Ma conductrice, pleine de joie, me dit : « Regarde, regarde, voilà le Baron en l’honneur duquel on visite la Galice. »
De même que lorsque le pigeon se place à côté de sa compagne, tous deux se montrent en tournant et en murmurant leur amour réciproque, de même les deux princes glorieux s’accueillirent mutuellement, en louant la grandeur de Dieu, qui est la nourriture du ciel.
Après avoir terminé leurs gratulations, ils se placèrent devant moi sans parler, et me parurent si pleins de feu, qu’ils éblouissaient ma vue.
Béatrix dit alors en riant : « Âme sainte, qui as célébré l’allégresse de notre Basilique, parle de l’espérance dans cette élévation céleste. Tu sais que tu figuras l’espérance, autant de fois que Jésus-Christ se fit voir à trois dans tout son éclat. »
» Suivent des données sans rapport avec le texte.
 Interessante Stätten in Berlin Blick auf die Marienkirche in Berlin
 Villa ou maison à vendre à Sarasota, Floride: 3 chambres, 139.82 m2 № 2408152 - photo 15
La lumière m’adressa la parole. « Lève la tête, me dit-elle, prends de l’assurance ; ce qui vient ici du monde mortel, doit se mûrir à nos rayons. »
Je reçus avec reconnaissance cet encouragement de l’esprit céleste, et j’osai lever mes yeux sur ces montagnes qui sous leur poids firent courber mes regards.
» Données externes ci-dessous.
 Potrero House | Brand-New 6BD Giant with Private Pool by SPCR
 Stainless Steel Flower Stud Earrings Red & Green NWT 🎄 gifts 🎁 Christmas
La seconde lueur reprit : « Puisque notre Empereur, par une faveur particulière, permet qu’avant la mort tu te hasardes ainsi avec ses comtes dans les détours les plus secrets de sa cour, afin que, connaissant la vérité de notre bonheur, tu puisses réconforter en toi et chez d’autres l’espérance qui là-bas imprime une vive charité, dis-moi : Qu’est-ce que l’espérance ? Dis, comment fleurit-elle dans ton âme ? Dis, d’où est-elle venue à toi ? »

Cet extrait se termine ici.